Questo il dato più interessante che emerge dal report FutureHotel: l’indagine del Fraunhofer Institute for Industrial Engineering mostra come stiano cambiando le abitudini di lavoro dei business traveller, per i quali è cruciale che l’albergo disponga di connessione wi-fi gratuita, postazioni di lavoro e sufficienti prese elettriche per caricare i dispositivi elettronici.

Il bisogno di essere produttivi e, contemporaneamente, di fare networking è confermato da HRS Italia.
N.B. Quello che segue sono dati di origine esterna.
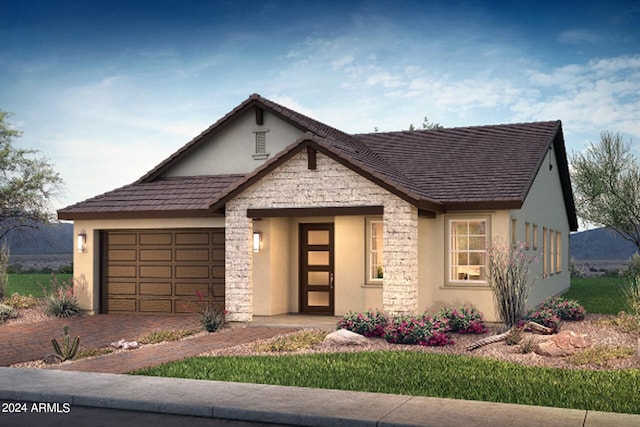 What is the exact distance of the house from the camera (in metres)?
17.7

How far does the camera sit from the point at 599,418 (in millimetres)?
8625

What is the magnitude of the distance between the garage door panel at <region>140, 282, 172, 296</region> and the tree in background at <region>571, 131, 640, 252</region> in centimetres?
2499

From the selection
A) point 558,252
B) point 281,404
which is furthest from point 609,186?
point 281,404

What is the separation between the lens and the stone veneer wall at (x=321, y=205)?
56.1 feet

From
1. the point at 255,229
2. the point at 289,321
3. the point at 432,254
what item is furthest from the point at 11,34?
the point at 432,254

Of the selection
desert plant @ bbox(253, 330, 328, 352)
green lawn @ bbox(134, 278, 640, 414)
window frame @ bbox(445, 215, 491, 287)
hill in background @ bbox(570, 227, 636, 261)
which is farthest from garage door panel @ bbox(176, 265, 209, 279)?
hill in background @ bbox(570, 227, 636, 261)

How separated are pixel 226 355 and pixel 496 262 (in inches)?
262

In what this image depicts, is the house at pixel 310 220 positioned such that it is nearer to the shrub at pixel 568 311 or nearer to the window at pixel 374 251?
the window at pixel 374 251

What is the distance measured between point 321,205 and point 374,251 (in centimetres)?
255

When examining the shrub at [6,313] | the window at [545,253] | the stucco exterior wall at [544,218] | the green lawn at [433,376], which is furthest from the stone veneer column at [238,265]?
the window at [545,253]

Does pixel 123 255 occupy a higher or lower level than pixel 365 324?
higher

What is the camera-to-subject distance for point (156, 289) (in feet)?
69.5

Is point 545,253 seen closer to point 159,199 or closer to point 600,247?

Una ricerca condotta dal portale di prenotazioni alberghiere per il business travel ha rilevato che oltre la metà (52%) di chi viaggia per lavoro ritiene importante che gli spazi comuni dell’hotel siano attrezzati per permettere il co-working in un’atmosfera rilassata e informale.

Il trend è che il bar dell'albergo sta trasformando quindi in una zona hi-tech in grado di offrire ai viaggiatori business un punto di incontro, ma anche una postazione attrezzata dalla quale poter lavorare e programmare le attività. Devono quindi disporre di copertura wi-fi, prese elettriche, sedute comode e tavolini di appoggio non solo la lobby e il bar, ma anche gli spazi esterni, visto che oltre il 45% ama avere la possibilità di lavorare all’aperto.

Infine, un'altra dotazione molto apprezzata da chi è in trasferta sono le zone riservate al benessere e al relax, di cui usufruire dopo il lavoro: per il 60% dei viaggiatori d'affari spa e palestra interne  sono indispensabili per la scelta dell’hotel.